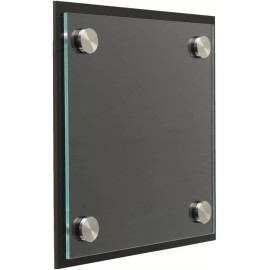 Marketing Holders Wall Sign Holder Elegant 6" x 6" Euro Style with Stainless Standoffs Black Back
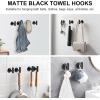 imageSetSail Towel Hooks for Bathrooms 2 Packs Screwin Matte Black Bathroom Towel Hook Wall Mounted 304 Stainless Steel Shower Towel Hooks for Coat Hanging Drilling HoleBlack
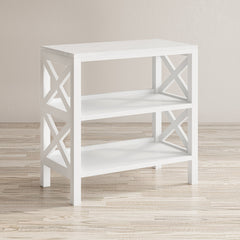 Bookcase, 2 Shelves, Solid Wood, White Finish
...
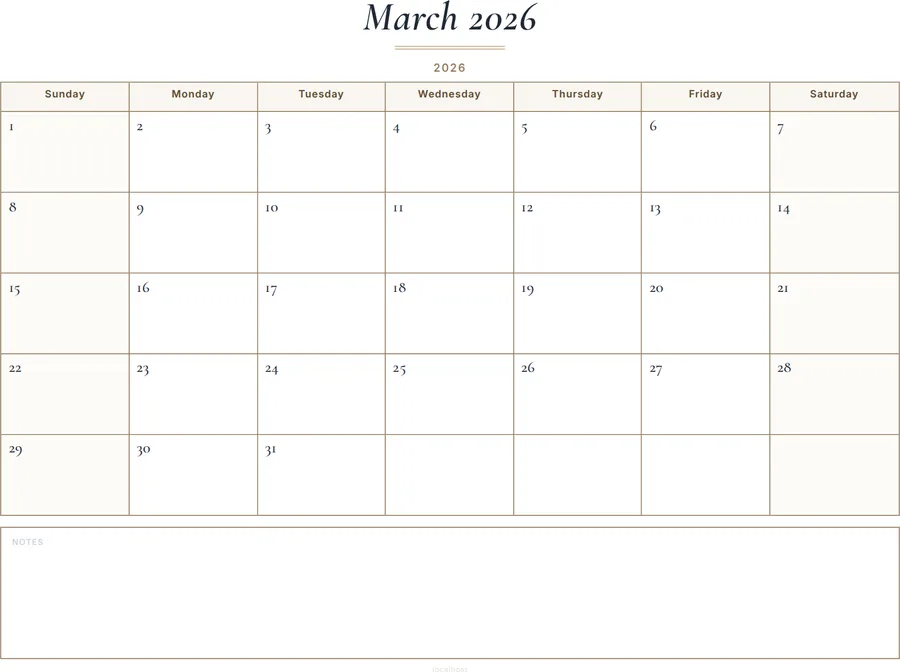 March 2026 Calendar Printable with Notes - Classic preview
---
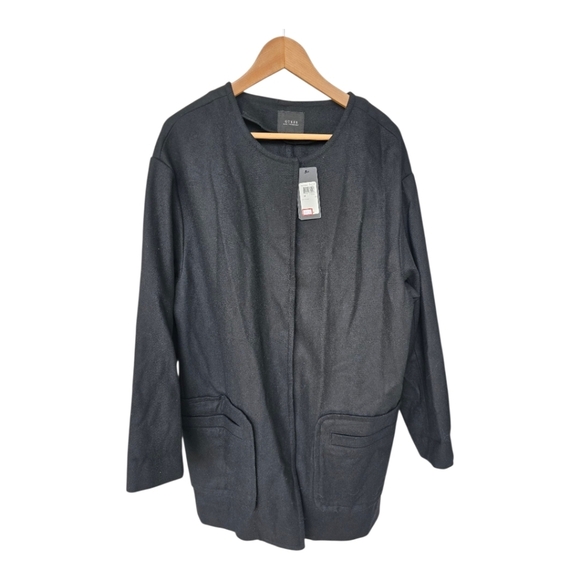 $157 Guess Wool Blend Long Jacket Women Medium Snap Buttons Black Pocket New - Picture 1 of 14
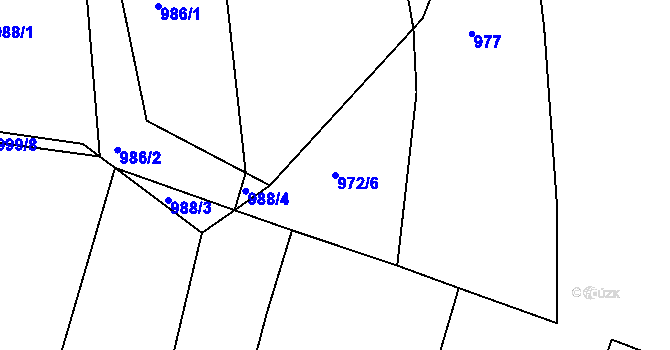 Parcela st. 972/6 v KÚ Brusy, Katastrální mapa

▶ _What you need to do_: Nothing but the lines from the one with "Marketing Holders Wall" to the one with "Bookcase, 2 Shelves, Solid" above, both included, should be transcribed, exactly and without pictures.

▶ _Exercise response_:
 Marketing Holders Wall Sign Holder Elegant 6" x 6" Euro Style with Stainless Standoffs Black Back
 imageSetSail Towel Hooks for Bathrooms 2 Packs Screwin Matte Black Bathroom Towel Hook Wall Mounted 304 Stainless Steel Shower Towel Hooks for Coat Hanging Drilling HoleBlack
 Bookcase, 2 Shelves, Solid Wood, White Finish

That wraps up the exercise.